Fidencio Castillo Cosme, a 34-year-old Mercedes resident, filed the notice with the 13th Court of Appeals on Wednesday, records show.

A jury convicted Fidencio after about an hour of deliberations on July 21 of killing 16-year-old Armando Torres IV on Sept. 28, 2020, in a Mercedes neighborhood at around 1 p.m.

The following day, July 22, the jury sentenced Fidencio to 85 years in prison.

Fidencio’s brother, 37-year-old Juan Jose Cosme, is also charged with murder for Torres’ death and has pleaded not guilty.

Prosecutors proved to the jury that the brothers attacked Torres, who was wearing headphones, from behind because they believed he had been casing their mother’s house for a robbery.

Fidencio slashed Torres about a dozen times before stabbing him in the chest after Juan placed Torres in a headlock, according to prosecutors.

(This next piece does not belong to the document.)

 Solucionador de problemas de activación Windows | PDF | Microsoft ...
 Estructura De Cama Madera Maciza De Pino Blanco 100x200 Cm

The 16-year-old suffered a 4-inch wound to his chest that punctured his sternum and cut an area of Torres’ lung that attached to his heart, testimony showed.

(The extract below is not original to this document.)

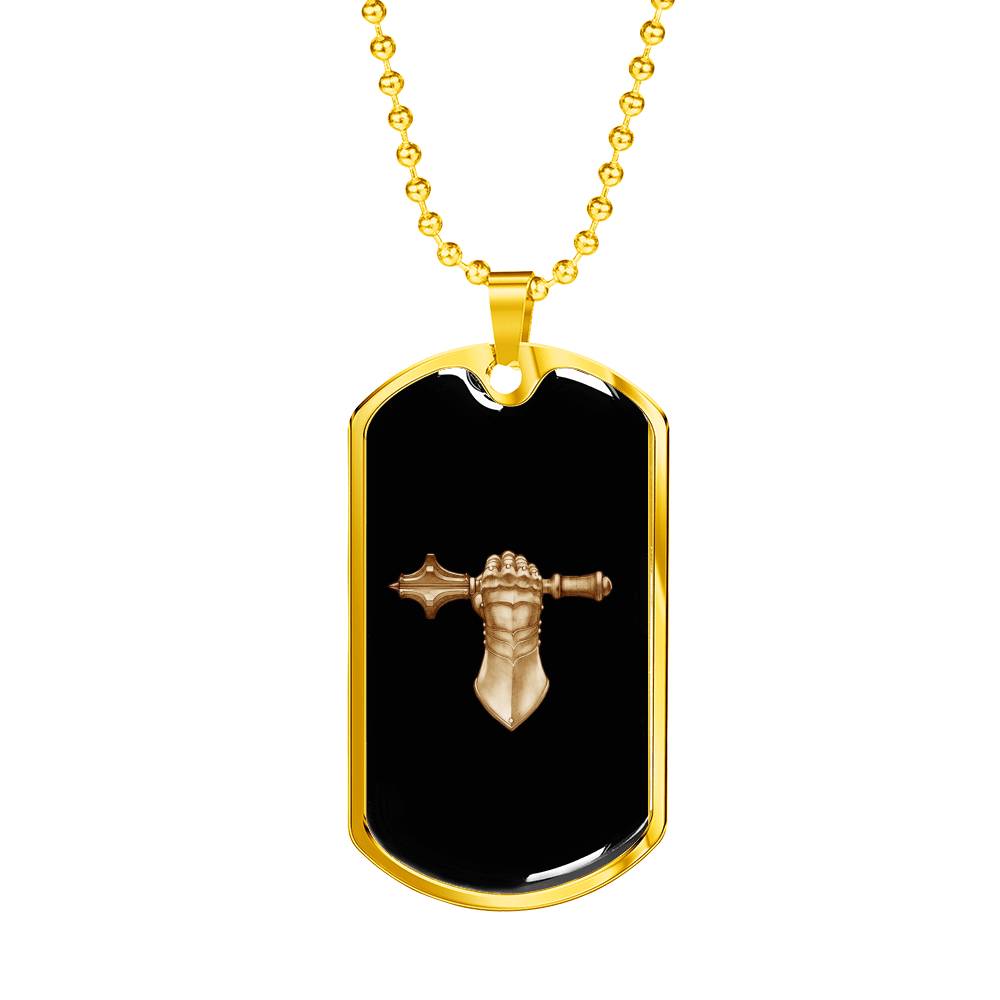 Ukrainian Tank Forces - 18k Gold Finished Luxury Dog Tag Necklace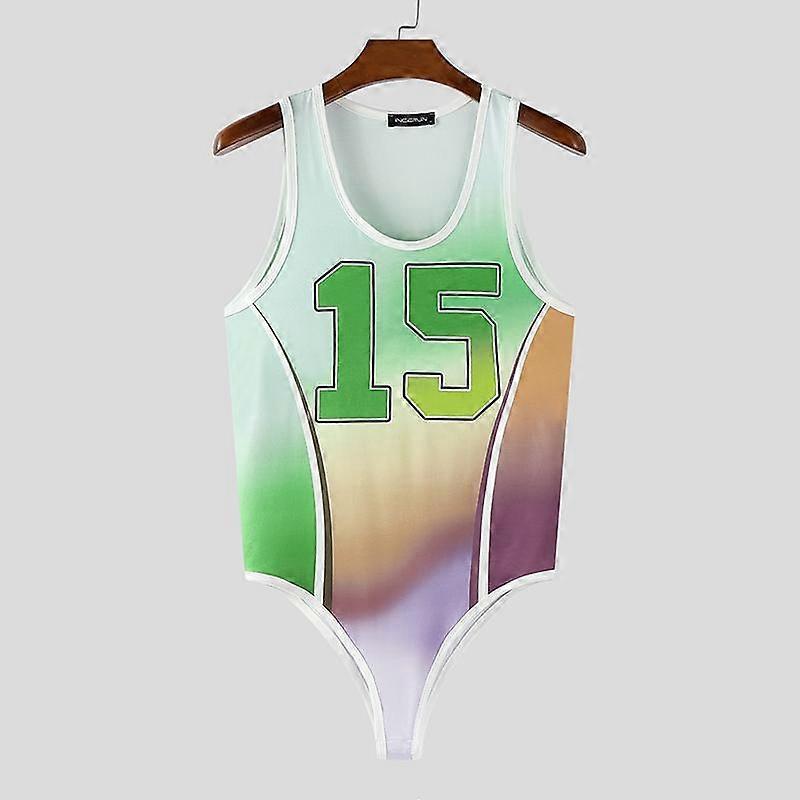 INCERUN Men Underwear Sleeveless Gradient Letter Print Briefs Bodysuits Fitted Jumpsuits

Fidencio’s defense attorneys, O. Rene Flores and Mauricio Martinez, sought to challenge the Mercedes Police Department’s investigation into the crime during the trial, painting a picture of inexperienced investigators who violated Fidencio’s constitutional rights.

The attorneys also sought to discredit Torres by trying to prove to the jury that the 16-year-old was a juvenile delinquent who may have been responsible for a rash of burglaries in the neighborhood.

However, that evidence came from Fidencio’s mother, Fidencio’s statement to police and from social media photos showing Torres hold what appears to be a gun, though a friend of Torres’ testified it was a BB gun.

The trial lasted five days.

Juan remains jailed on a $1 million bond and is scheduled for trial in November.

As for Fidencio, he is being held in the Texas Department of Criminal Justice’s Garza West facility in Beeville, which is a transfer unit.

He will not be eligible for parole until late 2050, when he’ll be 64-years-old.

The entirety of his sentence takes him into the next century, 2105.

Fidencio would have to live to be 119-years-old to serve his full sentence.